**DATASET CONTENT**:

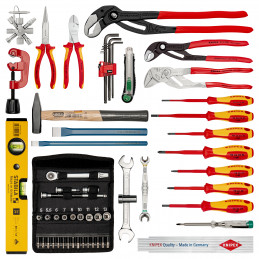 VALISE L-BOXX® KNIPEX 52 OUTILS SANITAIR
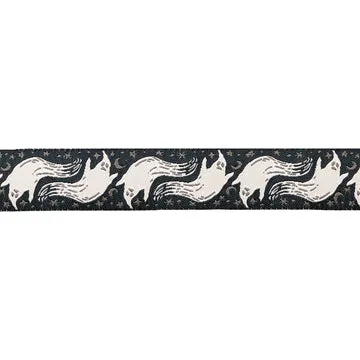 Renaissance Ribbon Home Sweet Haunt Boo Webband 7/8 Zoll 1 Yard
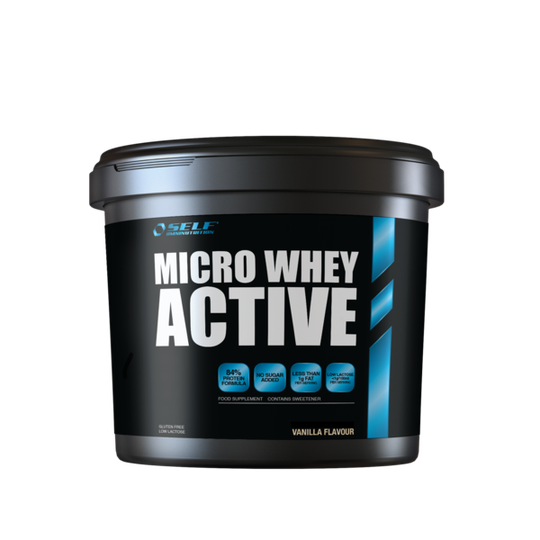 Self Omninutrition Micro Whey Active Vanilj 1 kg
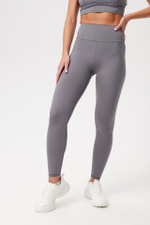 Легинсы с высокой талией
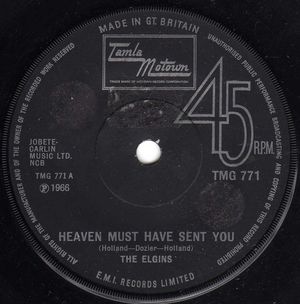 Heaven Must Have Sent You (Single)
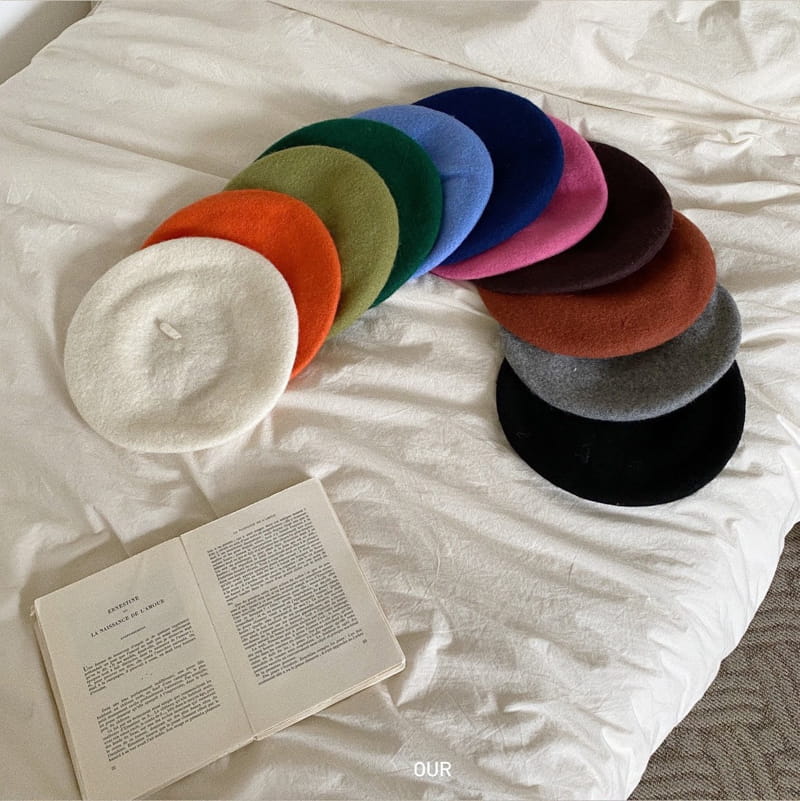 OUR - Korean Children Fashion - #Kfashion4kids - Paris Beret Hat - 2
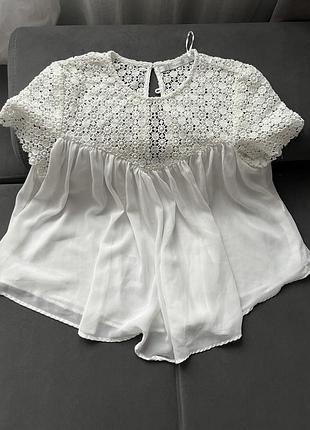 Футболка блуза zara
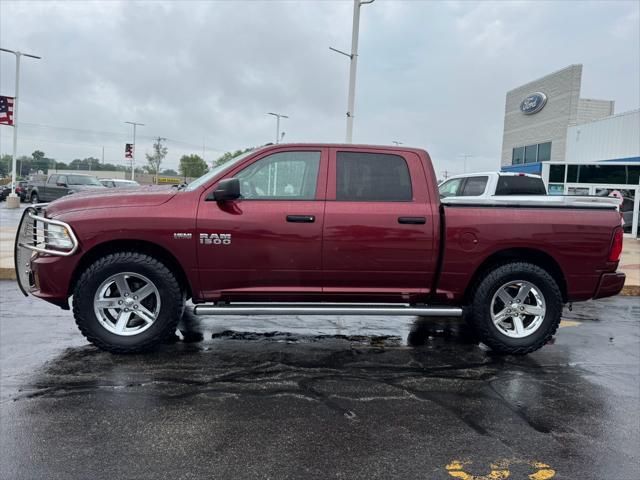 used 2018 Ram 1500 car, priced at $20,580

...

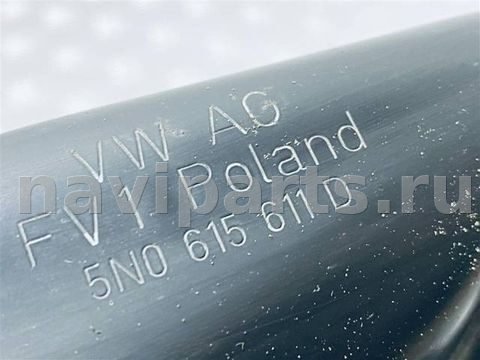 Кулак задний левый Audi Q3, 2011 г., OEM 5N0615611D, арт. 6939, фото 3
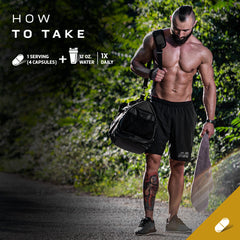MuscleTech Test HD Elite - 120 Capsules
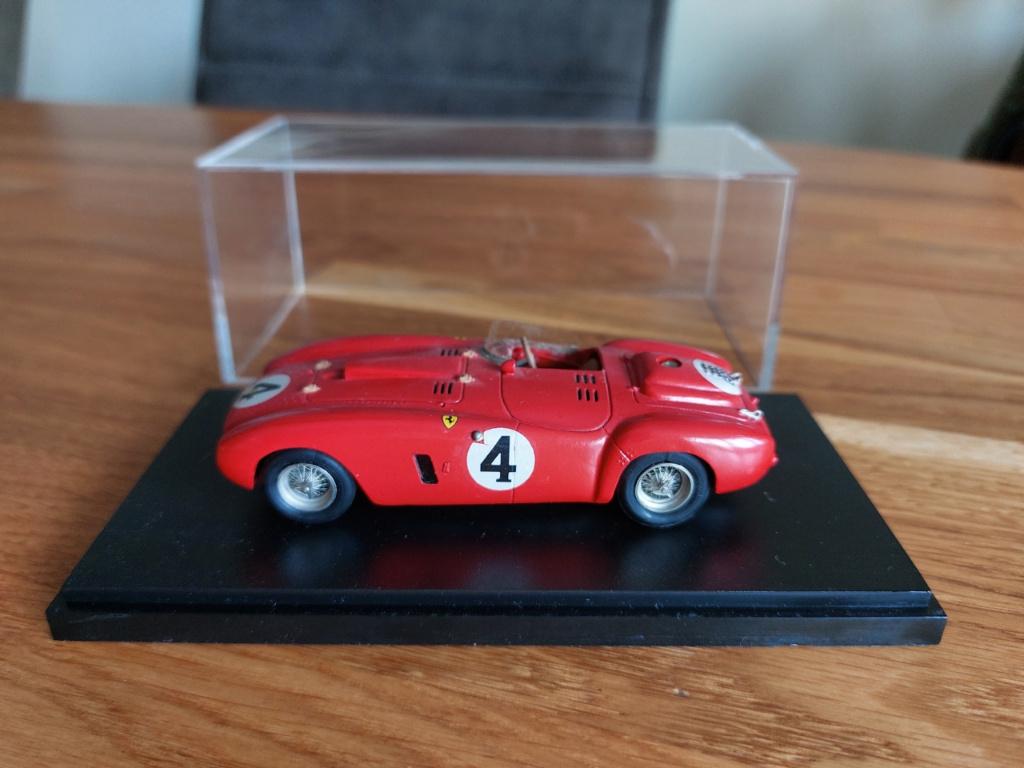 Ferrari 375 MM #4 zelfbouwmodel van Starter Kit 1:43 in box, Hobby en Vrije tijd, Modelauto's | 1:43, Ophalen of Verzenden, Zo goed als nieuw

**WHAT YOU ARE ASKED TO DO**: Copy word for word the span of the records above that begins at the line with "OUR - Korean" and ends at the line with "used 2018 Ram 1500 car, priced at $20,580", including those two lines but not the pictures.

**EXPECTED ANSWER**:
 OUR - Korean Children Fashion - #Kfashion4kids - Paris Beret Hat - 2
 Футболка блуза zara
 used 2018 Ram 1500 car, priced at $20,580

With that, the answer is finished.